Однажды на занятии я попросила студентов написать что-нибудь про их школьные завтраки, отвела на это полчаса и сама стала писать вместе с ними. Вот что у меня получилось.

Главное, что я знаю про школьные завтраки: только кажется, что дети просто собираются и вместе едят. На самом деле мы каждый раз словно выворачивались наизнанку друг перед другом.

В каком-то смысле писатель тоже выворачивается наизнанку перед посторонними. Эти завтраки — предвестники совместных душей после физкультуры в седьмом-восьмом классе, когда все могут рассмотреть, что у тебя выросло и чего не выросло, и чувствуют нутряные запахи твоего тела, и ты понимаешь, что можешь подцепить какую-нибудь общую болячку. Содержимое твоего пакета с завтраком очень многое говорило о твоей семье. Некоторые завтраки (как и люди) считались крутыми и престижными. А некоторые не считались. Все очень просто: у нас был свой код, свои понятия о том, что приемлемо, а что недопустимо.

Однако через полчаса стало ясно, что у меня и еще у нескольких членов группы слишком много материала и мы рискуем захлебнуться в нем. Поэтому мы решили не поднимать тему пакетов и родительских подписей на коричневой бумаге: как мы выдумывали, будто эти каракули — на самом деле тайный шифр турецких террористов, и что эти фантазии говорят о нас тогдашних. Итак, пакеты решено было пока не трогать, а сосредоточиться на их содержимом. Мысленно берем рамку пять на восемь и выделяем первый фрагмент: сэндвич.

Сэндвич был гвоздем программы, и насчет него существовали очень четкие правила. Во-первых, мы признавали только белый хлеб из супермаркета. Исключений не допускалось. Если ваша мама сама пекла хлеб — оставалось только молиться, чтобы другие ничего не заметили. Этим уж точно не хвастались, и если мама делала домашний сыр, об этом тоже помалкивали.

И «правильные» начинки у сэндвичей бывали только нескольких видов. Одобрялись вареная и копченая колбаса, какой-нибудь нейтральный сыр, а также арахисовое масло с конфитюром (если ваши родители понимали разницу между конфитюром и джемом).

Выше всего ценился виноградный конфитюр: приятно склизкая, убийственно сладкая сплошная химия. Второе место занимал клубничный джем. Остальное считалось дрянью. Вот, например, малиновый…
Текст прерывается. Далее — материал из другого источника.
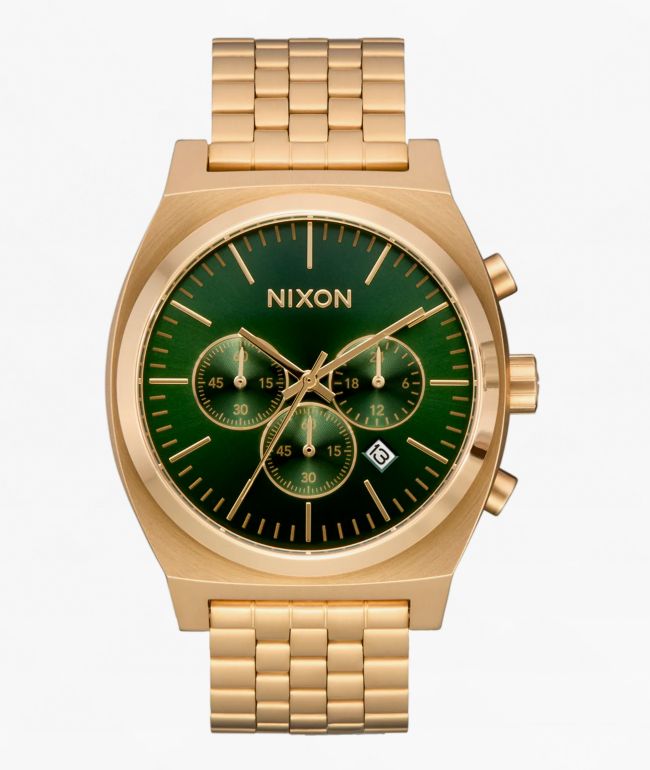 Nixon Time Teller Gold & Green Sunray Analog Watch - Nixon Watches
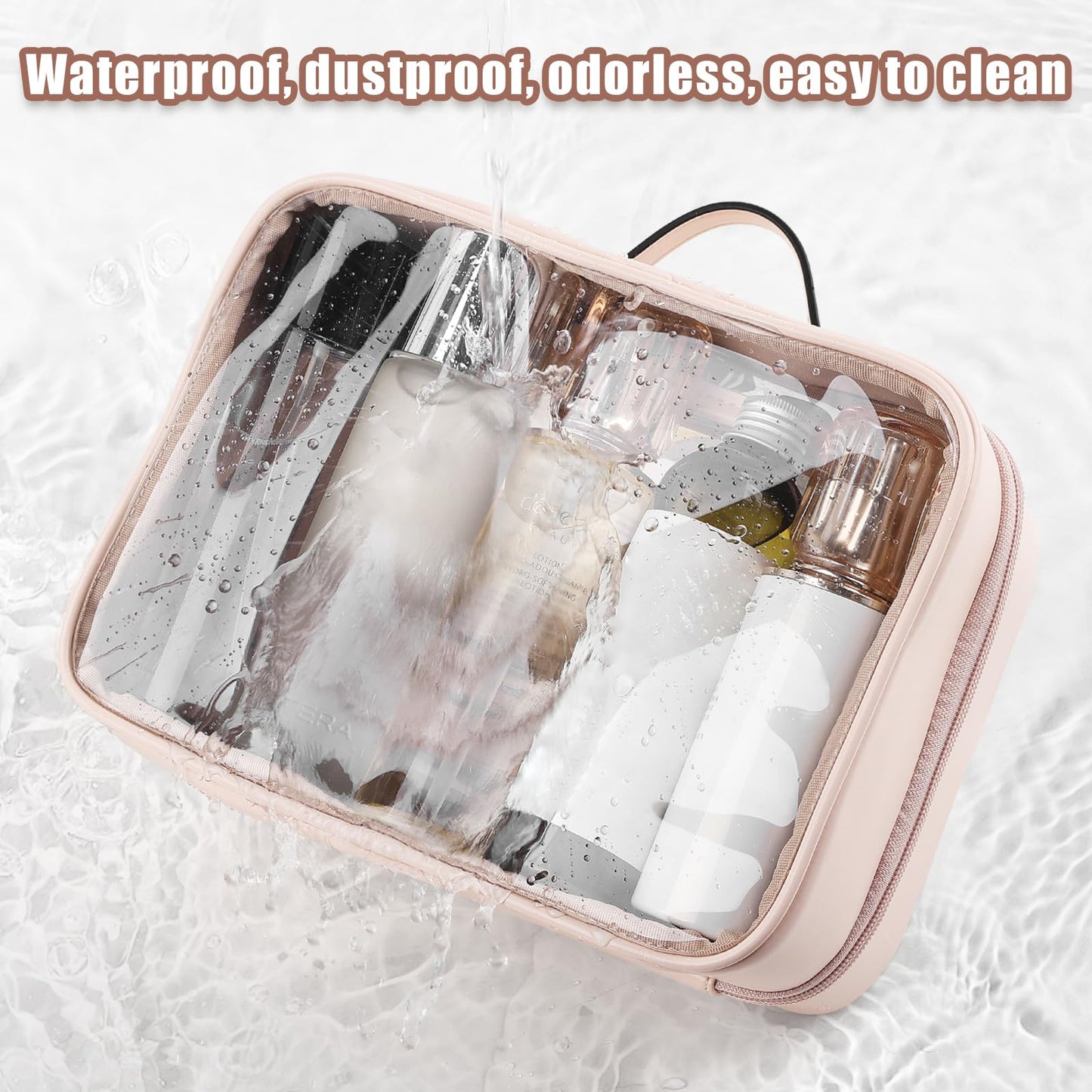 Lychii TSA Approved Toiletry Bag, Clear Travel Bag for Liquids Toiletries, Makeup Cosmetic Bag Organizer, Carry on Travel Accessories Essentials, Large Size, Pink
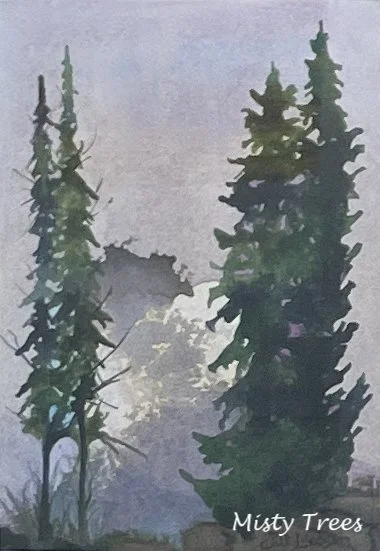 Misty Trees, Watercolor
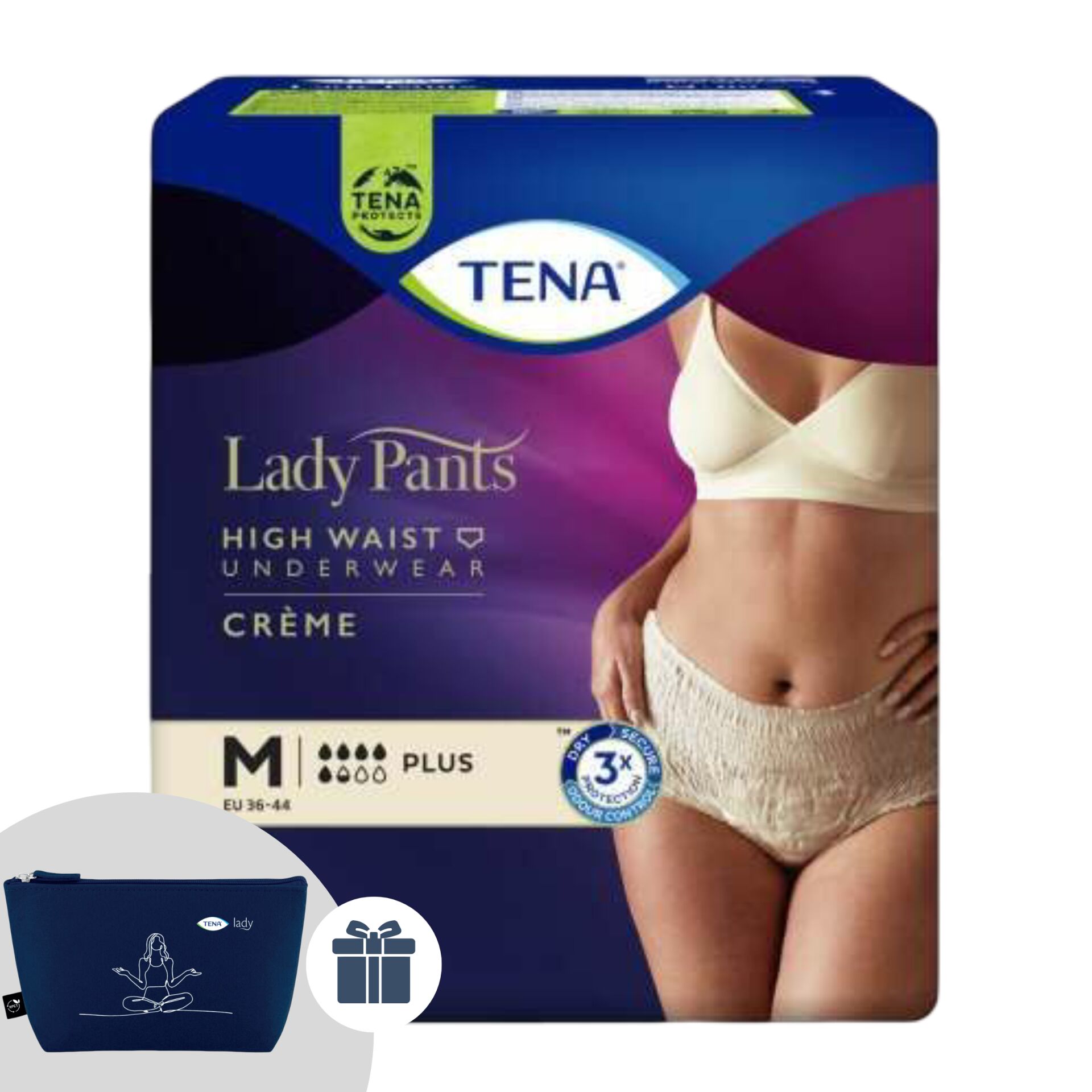 E-shop Tena Lady Pants Plus Creme Inkontinenčné nohavičky s vysokým páso...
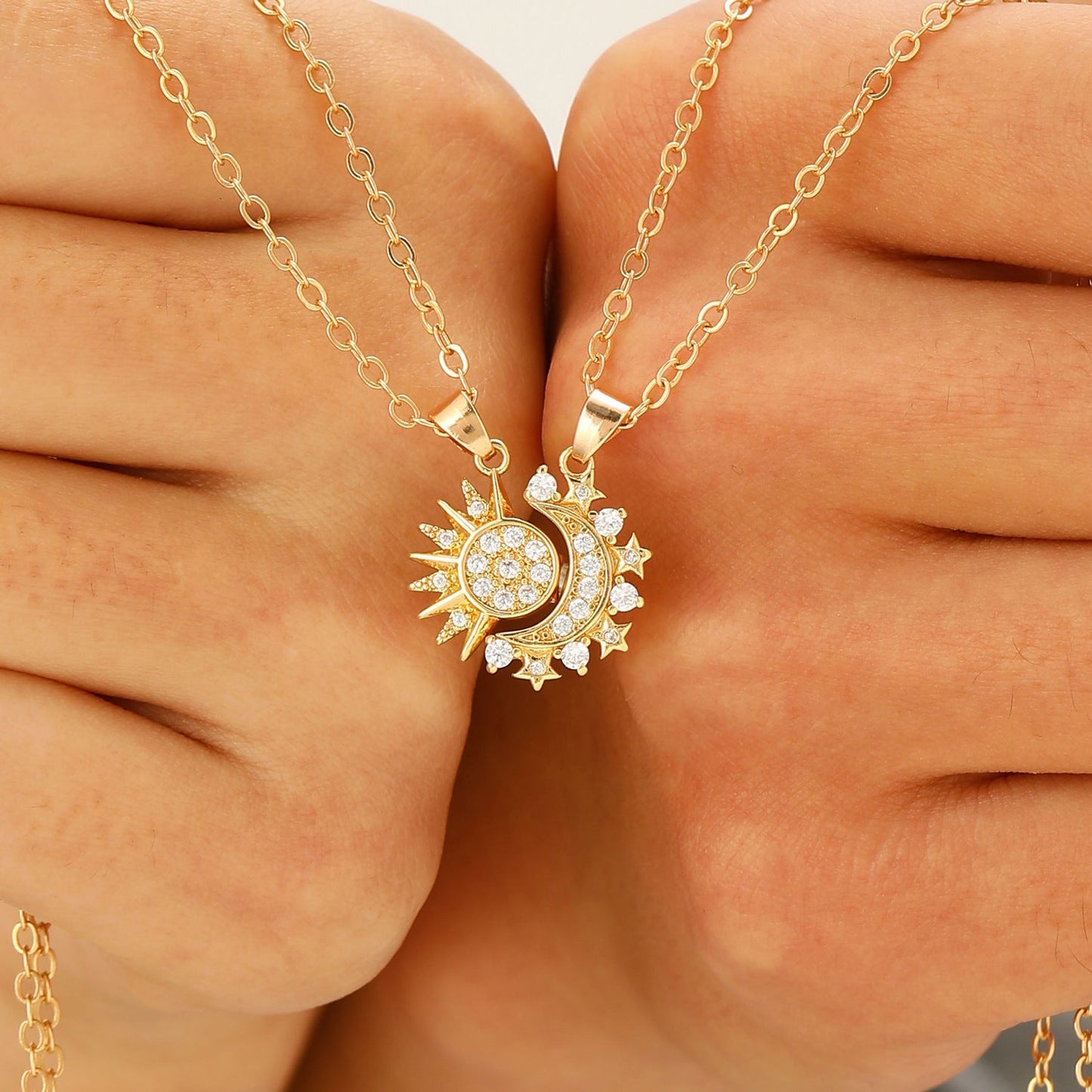2pcs Sun and Moon Magnetic Couple Necklaces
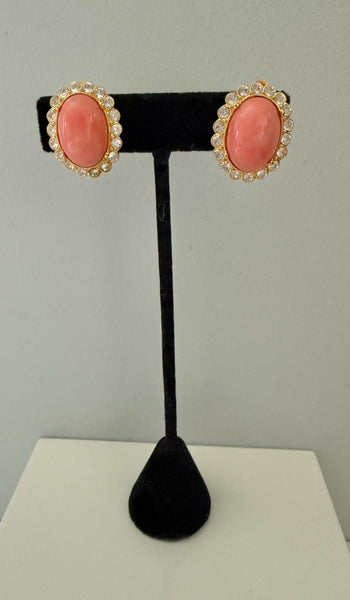 Coral & Rhinestone Cabochon Clip On Earrings
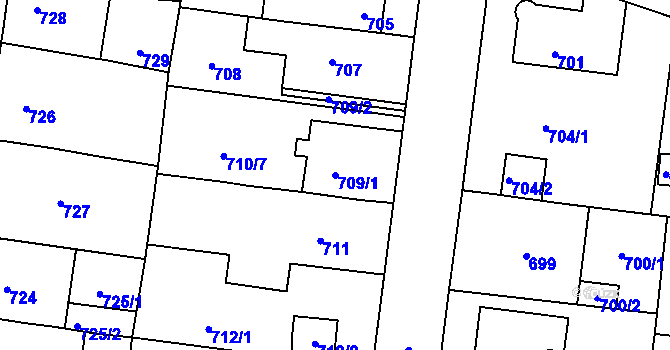 Parcela st. 709/1 v KÚ Čimice, Katastrální mapa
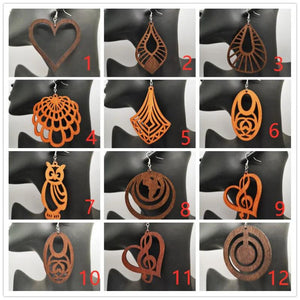 7 Pairs Laser Cut Wooden Earrings Set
Тут выяснилось, что я уже точно не помню, за что именно мы так ненавидели малиновый джем. Поэтому в тот же вечер, придя домой, я позвонила своей подруге. Она тоже писательница — очень талантливая, очень успешная и с кучей неврозов. Пожалуй, у нее и таланта, и неврозов больше, чем у всех остальных моих знакомых.

Я спросила:

— Помнишь, когда мы завтракали в школе, виноградный конфитюр все любили, клубничный джем считался ничего, а малиновый вообще был за гранью добра и зла? Как тебе сейчас кажется, почему?

И подруга выдала длинный, страстный, довольно бессвязный монолог о том, что в малиновом джеме всего было слишком много. Например, зернышек в одной ложке. В нашем детстве был очень популярен фильм «Вторжение похитителей тел»[24]. Там у землян появлялись двойники-инопланетяне, вырастающие в огромных стручках, как бобы. Семена растений занесены на Землю из другой галактики. Вот зернышки в малиновом джеме и напоминали моей подруге эти «семена зла».

Еще подруга вспомнила про абрикосовый джем, который был даже хуже малинового. Я не думала об этом лет тридцать, но тут все детали всплыли у меня в голове с ужасающей четкостью. Абрикосовый джем был невероятно похож на клей или какую-то липкую слизь. Но почему-то вы непременно получали его в те дни, когда завтрак собирал папа. Все отцы обожали абрикосовый джем, уж не знаю почему. Дочь Фрейда, наверное, много чего могла бы сказать по этому поводу.